What We're Looking For:

  • BS in Computer Science, Machine Learning, or related field, or equivalent professional experience.
  • 6+ years of hands-on experience in machine learning engineering, with a focus on model post training, optimization, and deployment.
  • Strong experience with model distillation or teacher-student training - practical knowledge of loss functions, training strategies, and evaluation of compressed models.
  • Proven experience with reinforcement learning in production or research settings: policy optimization, reward design, simulation environments, and RL-based reasoning.
  • Expert-level proficiency in Python and ML frameworks (PyTorch, TensorFlow, or JAX).
  • Strong software engineering fundamentals: testing, CI/CD, containerization, and system design.
  • Experience deploying ML models in cloud environments (AWS, GCP, or Azure) and optimizing for inference.
  • Demonstrated ability to ship production-grade ML systems and mentor team members.

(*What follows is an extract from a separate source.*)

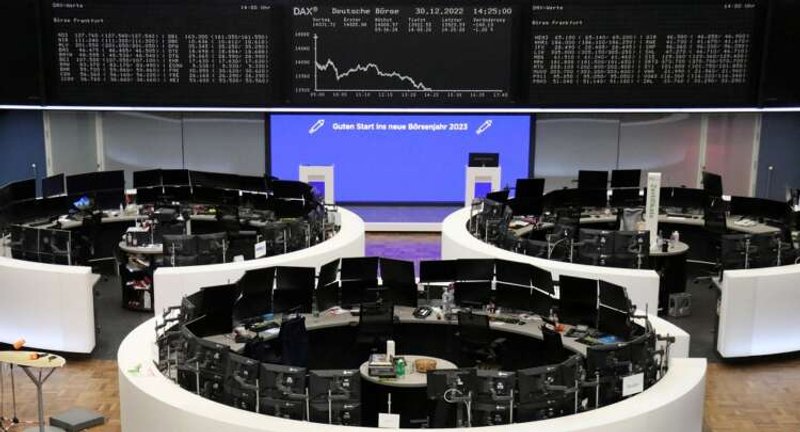 Image for European shares dip as media stocks slide, Fed worries resurface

  • Demonstrated track record of shipping robust, well-tested, production-grade systems and mentoring junior engineers

Bonus Points (Nice-to-Haves):

  • MS/PhD in Computer Science, Machine Learning, or related field.

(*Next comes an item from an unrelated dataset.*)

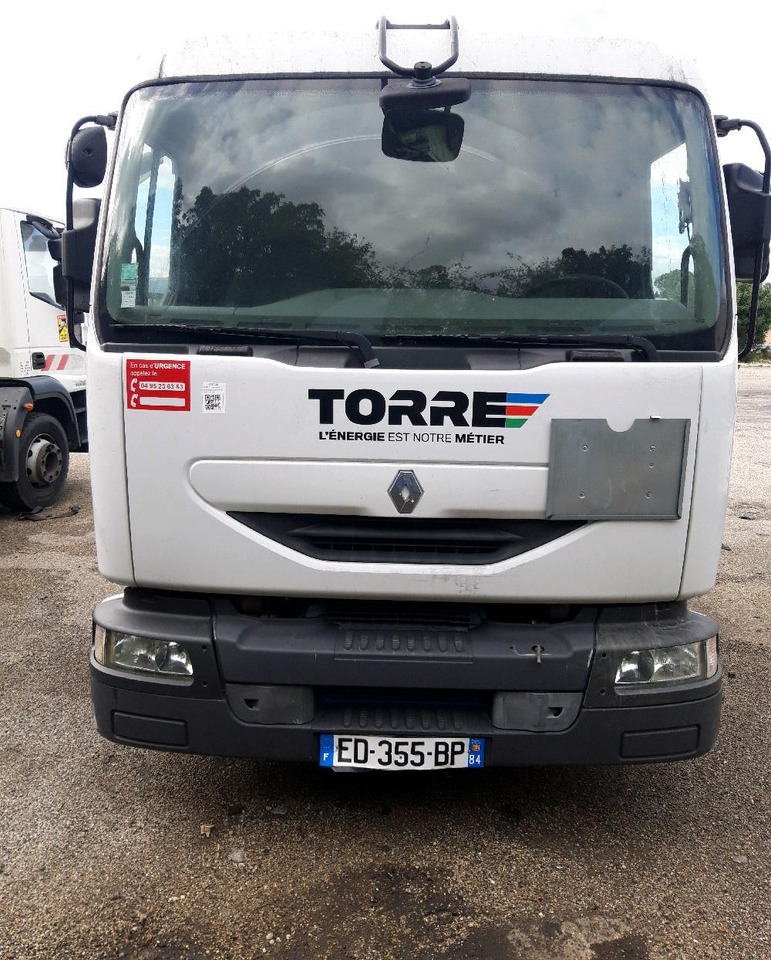 RENAULT MIDLUM CITERNE 7500 - Camion citerne: photos 2 RENAULT MIDLUM CITERNE 7500 - Camion citerne: photos 2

  • Experience with agentic systems, autonomous reasoning, chain-of-thought models, or LLM-based planning.
  • Background in autonomous driving, robotics, or real-time decision-making systems.

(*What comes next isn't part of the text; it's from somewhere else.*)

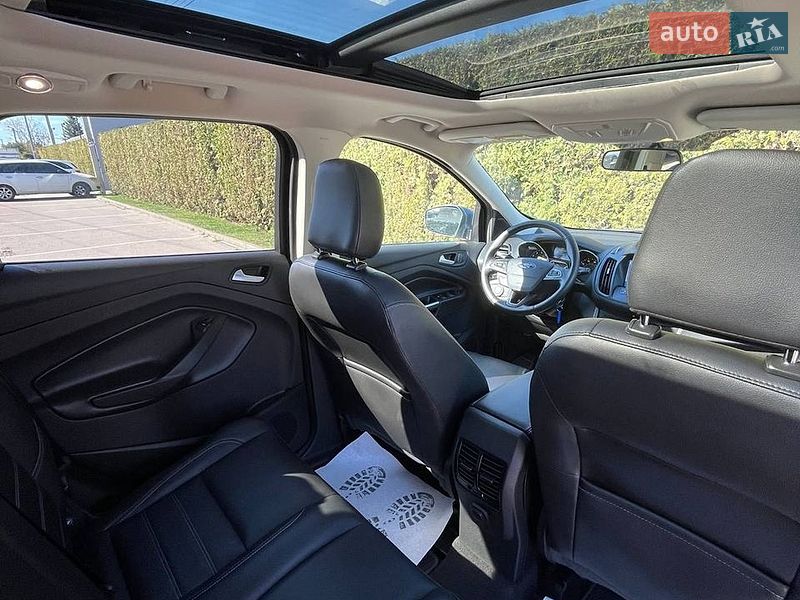 Внедорожник / Кроссовер Ford Escape 2018 в Львове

  • Familiarity with multimodal learning, sensor fusion, or embodied AI.
  • Experience building active learning loops, using the model to find the data that breaks the model.
  • Experience with ML-based data mining, active learning, or contrastive learning.
  • Knowledge of model serving tools (TF Serving, Triton, TorchServe) and MLOps platforms.
  • Publications or open-source contributions in RL, distillation, or efficient ML.

We encourage a hybrid schedule with in-office time at one of our locations in Boston, Pittsburgh, or Las Vegas to support collaboration, or this role can be fully remote.